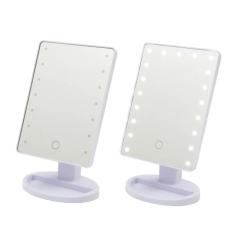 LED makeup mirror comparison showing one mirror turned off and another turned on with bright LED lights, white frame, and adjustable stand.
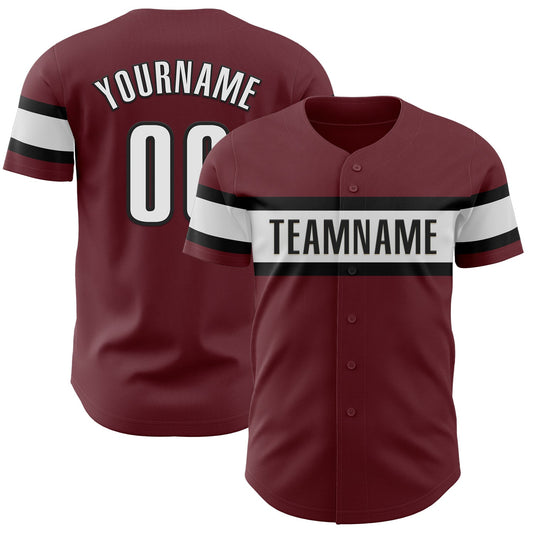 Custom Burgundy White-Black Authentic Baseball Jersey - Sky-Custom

* * *

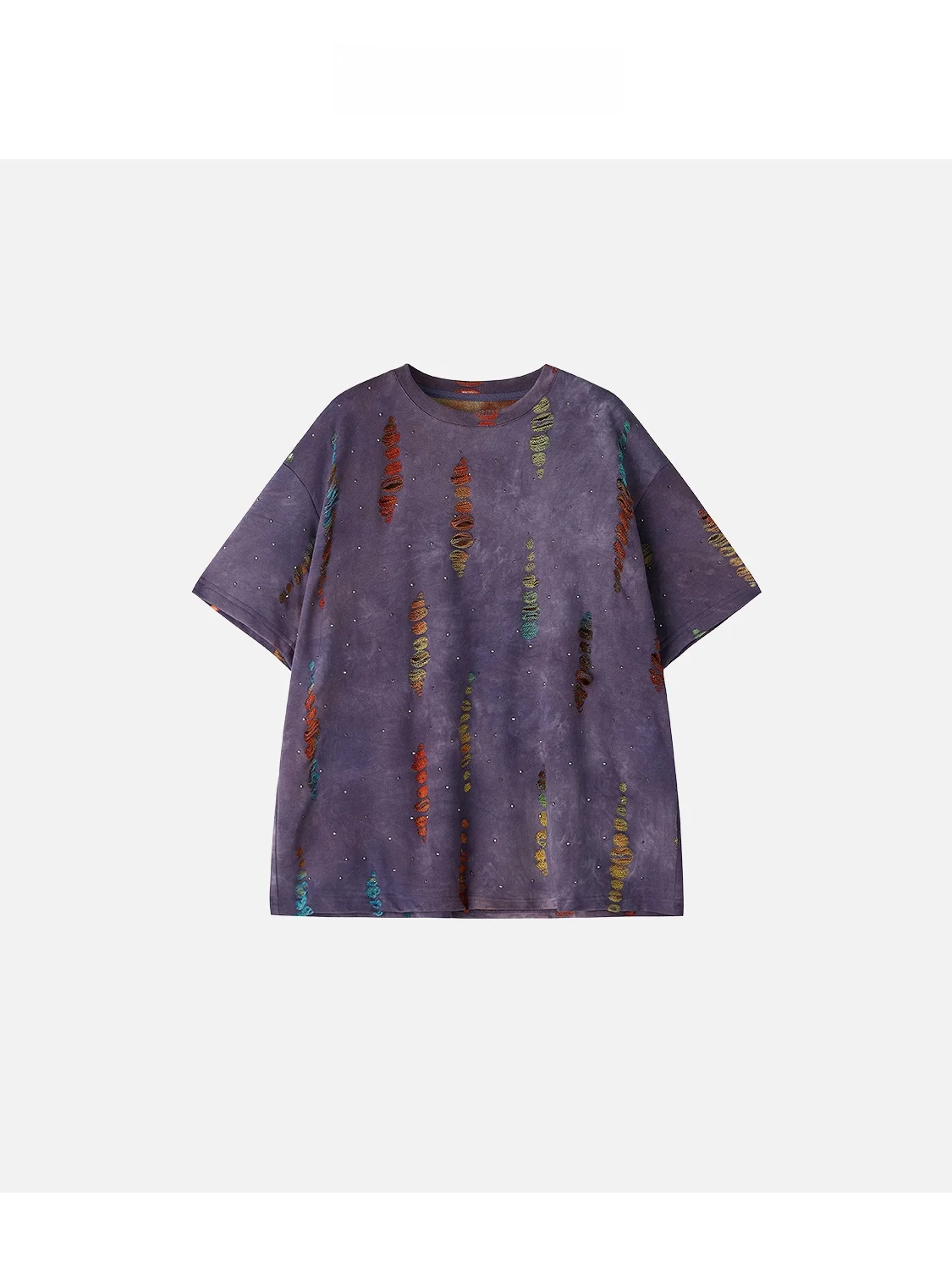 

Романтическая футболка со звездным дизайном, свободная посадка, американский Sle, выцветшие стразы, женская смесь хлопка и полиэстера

▸ **EXERCISE AIM**: Copy only what runs above from the line containing "LED makeup mirror" through the line containing "Custom Burgundy White-Black", exactly. Leave out the pictures.

▸ **SOLUTION**:
 LED makeup mirror comparison showing one mirror turned off and another turned on with bright LED lights, white frame, and adjustable stand.
 Custom Burgundy White-Black Authentic Baseball Jersey - Sky-Custom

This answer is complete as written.